*WHAT THIS TASK INVOLVES*
For the records below, say how many lines contain the string "Code". Give the number only.

*STUDY MATERIAL*
────
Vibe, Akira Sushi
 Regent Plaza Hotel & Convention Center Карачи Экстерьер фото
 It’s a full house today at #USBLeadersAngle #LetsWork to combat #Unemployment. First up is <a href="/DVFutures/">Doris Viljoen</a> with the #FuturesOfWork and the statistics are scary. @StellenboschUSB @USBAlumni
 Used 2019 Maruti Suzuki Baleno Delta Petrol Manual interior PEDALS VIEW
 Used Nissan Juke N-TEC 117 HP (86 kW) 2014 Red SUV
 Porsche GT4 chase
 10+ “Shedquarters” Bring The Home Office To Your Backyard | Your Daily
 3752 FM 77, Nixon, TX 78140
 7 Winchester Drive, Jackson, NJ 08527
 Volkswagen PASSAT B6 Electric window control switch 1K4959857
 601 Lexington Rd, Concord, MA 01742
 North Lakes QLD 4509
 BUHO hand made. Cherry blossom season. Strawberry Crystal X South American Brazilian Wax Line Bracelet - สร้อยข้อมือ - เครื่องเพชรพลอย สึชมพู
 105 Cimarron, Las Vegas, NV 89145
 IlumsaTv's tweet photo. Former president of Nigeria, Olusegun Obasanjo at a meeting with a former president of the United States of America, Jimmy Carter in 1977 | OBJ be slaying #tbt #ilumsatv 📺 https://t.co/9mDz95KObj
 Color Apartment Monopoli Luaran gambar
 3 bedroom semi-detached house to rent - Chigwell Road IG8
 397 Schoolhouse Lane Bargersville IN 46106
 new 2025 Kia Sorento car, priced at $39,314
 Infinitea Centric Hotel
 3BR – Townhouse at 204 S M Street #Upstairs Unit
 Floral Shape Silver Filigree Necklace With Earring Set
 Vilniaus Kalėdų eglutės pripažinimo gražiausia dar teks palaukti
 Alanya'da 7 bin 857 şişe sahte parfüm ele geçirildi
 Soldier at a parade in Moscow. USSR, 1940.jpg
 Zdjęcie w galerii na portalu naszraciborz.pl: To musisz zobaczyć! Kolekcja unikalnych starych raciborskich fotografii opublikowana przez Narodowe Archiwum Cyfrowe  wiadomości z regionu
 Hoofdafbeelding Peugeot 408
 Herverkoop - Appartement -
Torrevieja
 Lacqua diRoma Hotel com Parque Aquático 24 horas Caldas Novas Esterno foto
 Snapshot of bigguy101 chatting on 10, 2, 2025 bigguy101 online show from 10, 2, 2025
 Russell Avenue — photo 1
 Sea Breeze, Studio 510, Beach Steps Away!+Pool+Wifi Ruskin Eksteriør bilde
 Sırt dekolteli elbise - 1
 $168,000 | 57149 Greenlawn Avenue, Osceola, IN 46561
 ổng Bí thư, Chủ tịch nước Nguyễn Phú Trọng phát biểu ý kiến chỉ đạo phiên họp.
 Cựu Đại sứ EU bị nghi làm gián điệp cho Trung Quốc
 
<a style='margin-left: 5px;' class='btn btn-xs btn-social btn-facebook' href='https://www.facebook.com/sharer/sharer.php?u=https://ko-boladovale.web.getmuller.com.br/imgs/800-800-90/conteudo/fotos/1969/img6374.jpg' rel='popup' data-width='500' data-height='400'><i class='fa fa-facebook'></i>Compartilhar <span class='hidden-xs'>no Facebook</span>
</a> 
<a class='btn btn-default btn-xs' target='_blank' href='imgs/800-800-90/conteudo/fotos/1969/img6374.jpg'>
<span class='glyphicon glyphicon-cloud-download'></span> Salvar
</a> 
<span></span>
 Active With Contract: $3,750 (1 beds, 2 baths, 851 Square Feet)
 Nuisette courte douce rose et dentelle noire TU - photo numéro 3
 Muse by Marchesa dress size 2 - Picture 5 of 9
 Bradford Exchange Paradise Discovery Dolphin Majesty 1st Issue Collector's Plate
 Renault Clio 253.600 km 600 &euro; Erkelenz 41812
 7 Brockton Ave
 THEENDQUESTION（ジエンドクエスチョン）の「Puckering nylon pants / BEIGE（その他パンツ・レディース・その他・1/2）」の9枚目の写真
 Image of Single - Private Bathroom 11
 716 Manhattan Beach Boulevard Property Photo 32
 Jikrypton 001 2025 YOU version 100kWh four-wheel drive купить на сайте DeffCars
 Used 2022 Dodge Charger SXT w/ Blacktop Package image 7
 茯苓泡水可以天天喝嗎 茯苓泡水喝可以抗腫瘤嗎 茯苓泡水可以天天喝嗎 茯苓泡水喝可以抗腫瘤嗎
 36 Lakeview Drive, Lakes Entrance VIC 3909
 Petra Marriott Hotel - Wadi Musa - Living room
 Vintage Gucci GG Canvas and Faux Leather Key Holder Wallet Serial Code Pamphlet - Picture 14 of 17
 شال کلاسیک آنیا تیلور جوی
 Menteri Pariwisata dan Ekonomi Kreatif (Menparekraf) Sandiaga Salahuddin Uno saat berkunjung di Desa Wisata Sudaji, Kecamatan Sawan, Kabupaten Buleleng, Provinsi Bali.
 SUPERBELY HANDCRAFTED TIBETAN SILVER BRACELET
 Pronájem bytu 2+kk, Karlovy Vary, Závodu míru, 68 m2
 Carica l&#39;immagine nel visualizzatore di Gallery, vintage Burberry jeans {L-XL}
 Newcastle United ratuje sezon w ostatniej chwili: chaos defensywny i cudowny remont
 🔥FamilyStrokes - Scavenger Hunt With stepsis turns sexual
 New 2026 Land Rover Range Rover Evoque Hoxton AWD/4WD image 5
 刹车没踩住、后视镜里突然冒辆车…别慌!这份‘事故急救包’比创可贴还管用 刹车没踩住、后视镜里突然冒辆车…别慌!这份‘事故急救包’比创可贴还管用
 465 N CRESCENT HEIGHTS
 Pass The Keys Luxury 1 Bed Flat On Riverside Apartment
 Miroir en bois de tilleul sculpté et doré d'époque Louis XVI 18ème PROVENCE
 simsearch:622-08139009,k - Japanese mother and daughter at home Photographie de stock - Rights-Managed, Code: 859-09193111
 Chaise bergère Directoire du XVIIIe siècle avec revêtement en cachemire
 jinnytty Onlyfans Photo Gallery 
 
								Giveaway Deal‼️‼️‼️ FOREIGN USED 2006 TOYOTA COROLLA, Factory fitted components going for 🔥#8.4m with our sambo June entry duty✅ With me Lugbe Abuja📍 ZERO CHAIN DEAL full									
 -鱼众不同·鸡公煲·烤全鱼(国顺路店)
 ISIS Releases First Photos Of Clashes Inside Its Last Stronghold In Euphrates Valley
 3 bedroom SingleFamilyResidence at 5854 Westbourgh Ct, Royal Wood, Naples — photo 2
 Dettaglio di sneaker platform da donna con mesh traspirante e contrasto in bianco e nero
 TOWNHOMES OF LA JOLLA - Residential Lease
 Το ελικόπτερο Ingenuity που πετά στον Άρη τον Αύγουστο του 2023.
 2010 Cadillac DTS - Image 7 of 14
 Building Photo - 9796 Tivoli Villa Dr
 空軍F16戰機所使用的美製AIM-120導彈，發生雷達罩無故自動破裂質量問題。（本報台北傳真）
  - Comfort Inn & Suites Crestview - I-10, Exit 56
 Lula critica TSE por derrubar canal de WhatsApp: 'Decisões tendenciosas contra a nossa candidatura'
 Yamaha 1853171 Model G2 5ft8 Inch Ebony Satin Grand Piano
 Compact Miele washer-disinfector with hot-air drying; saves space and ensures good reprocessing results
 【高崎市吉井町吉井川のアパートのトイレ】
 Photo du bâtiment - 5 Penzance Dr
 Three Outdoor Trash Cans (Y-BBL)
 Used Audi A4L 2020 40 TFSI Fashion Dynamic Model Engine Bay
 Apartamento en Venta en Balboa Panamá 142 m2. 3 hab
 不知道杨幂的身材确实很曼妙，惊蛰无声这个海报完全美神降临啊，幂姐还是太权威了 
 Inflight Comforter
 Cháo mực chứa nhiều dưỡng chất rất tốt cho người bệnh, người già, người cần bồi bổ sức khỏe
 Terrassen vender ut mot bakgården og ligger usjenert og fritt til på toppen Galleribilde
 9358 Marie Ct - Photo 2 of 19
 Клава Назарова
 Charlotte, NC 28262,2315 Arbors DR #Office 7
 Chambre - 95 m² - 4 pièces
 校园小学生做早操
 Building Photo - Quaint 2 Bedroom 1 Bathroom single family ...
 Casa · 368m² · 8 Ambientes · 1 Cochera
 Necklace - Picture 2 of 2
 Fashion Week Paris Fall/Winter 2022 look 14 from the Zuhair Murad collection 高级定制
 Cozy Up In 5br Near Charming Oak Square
────
*SOLUTION TO THIS TASK*
2